Supongo que este agosto se habrán topado con ellos en algún aeropuerto. No están sólo en verano, pero nosotros volamos más en estas fechas. Yo llevo varios años encontrándomelos en Barajas casi cada vez que cojo un avión. No resulta fácil verles, sin embargo, porque son callados y discretos; hace falta fijarse, y, por lo general, no nos fijamos: vamos con la cabeza alta, la mirada aburrida y la mente perdida en nuestras cosas. No prestamos atención a casi nadie, y menos a esas personas anodinas y bajitas (porque suelen ser de poca estatura) que derraman silenciosas lágrimas delante de los controles de policía, en el punto a partir del cual tienen que separarse.

Son de Ecuador, son de Perú, son inmigrantes que han venido al aeropuerto a despedir a alguien. Ya digo, sus maneras son tan sobrias y tan contenidas que apenas si se percibe su presencia, el terremoto emocional que ellos mantienen en sordina. Pero, si te fijas, sobrecoge la profundidad de su pena muda, la pureza de su desolación, ese llanto desgarrado doblemente terrible por el poco ruido y el discreto gesto.
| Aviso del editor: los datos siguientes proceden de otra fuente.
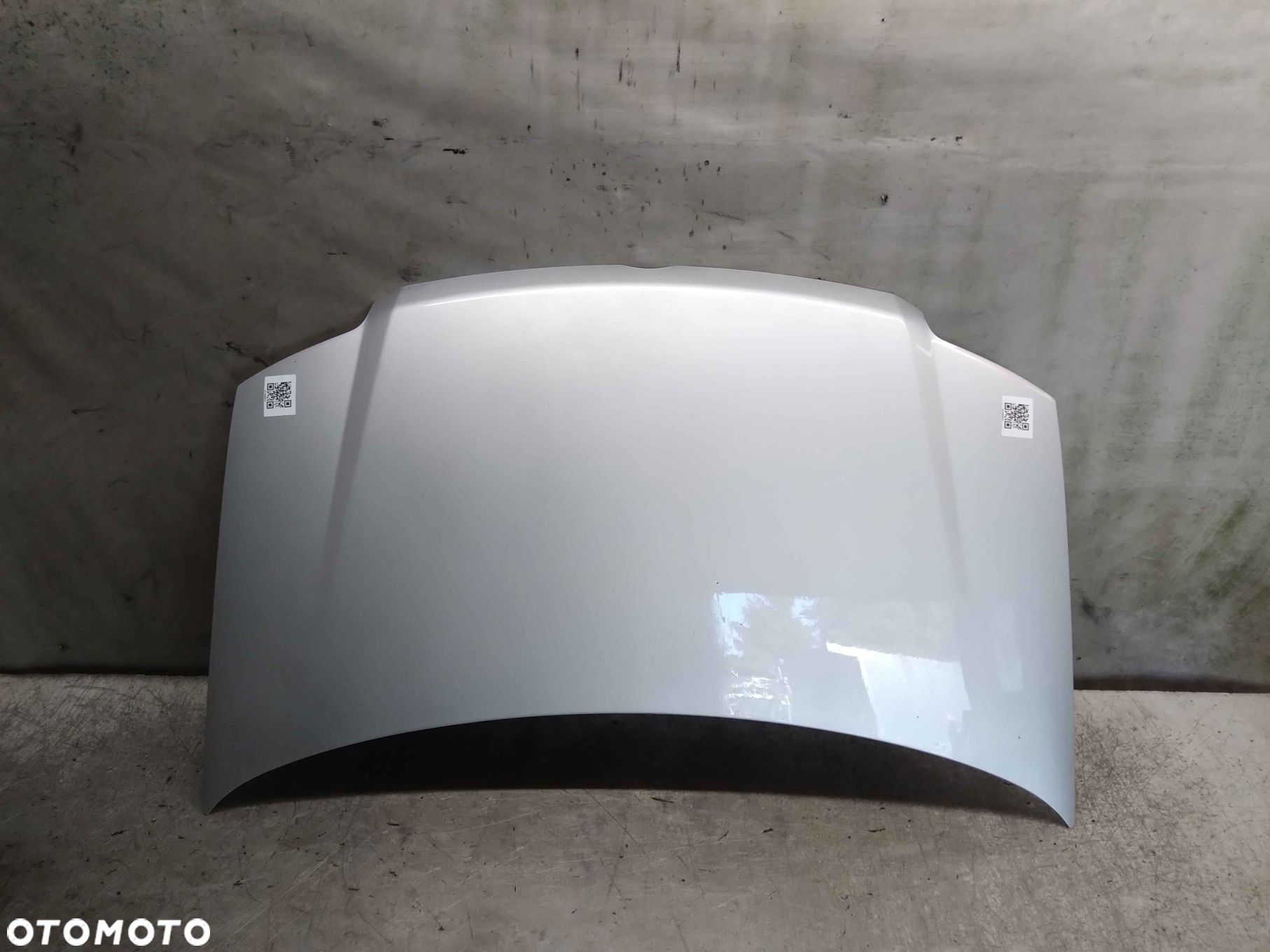 $ MASKA POKRYWA SILNIKA DO FIAT PANDA II 2 MK.2 SREBRNY - 1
A menudo me descubro a mí misma refunfuñando, protestando y doliéndome por cualquier fruslería, haciendo de una menudencia un drama enorme, y estas gentes, que probablemente arrastran una herida, una renuncia, un sufrimiento auténtico, mantienen sin embargo una actitud estoica. La vida muelle de los países ricos nos idiotiza, nos convierte a todos en niños mimados y egoístas que no terminan nunca de crecer. Nosotros también somos bajitos, pero bajos por dentro.

Ahí están, junto al control de pasaportes, en grupos pequeños. Se abrazan, se susurran palabras inaudibles, reprimen un sollozo y el hombre o la mujer que va a viajar se da media vuelta y atraviesa el control sin mirar hacia atrás. Ya está. Se ha terminado todo. El ejecutivo que está haciendo cola junto a ti para pasar su ordenador portátil por la máquina de rayos ni siquiera se ha dado cuenta de la pequeña tragedia. Pero no sólo había tragedia: también había dignidad, y afecto profundo, y una solidaridad elemental. En el ambiente gélido, cromado y artificial de los aeropuertos, estos inmigrantes son la auténtica vida.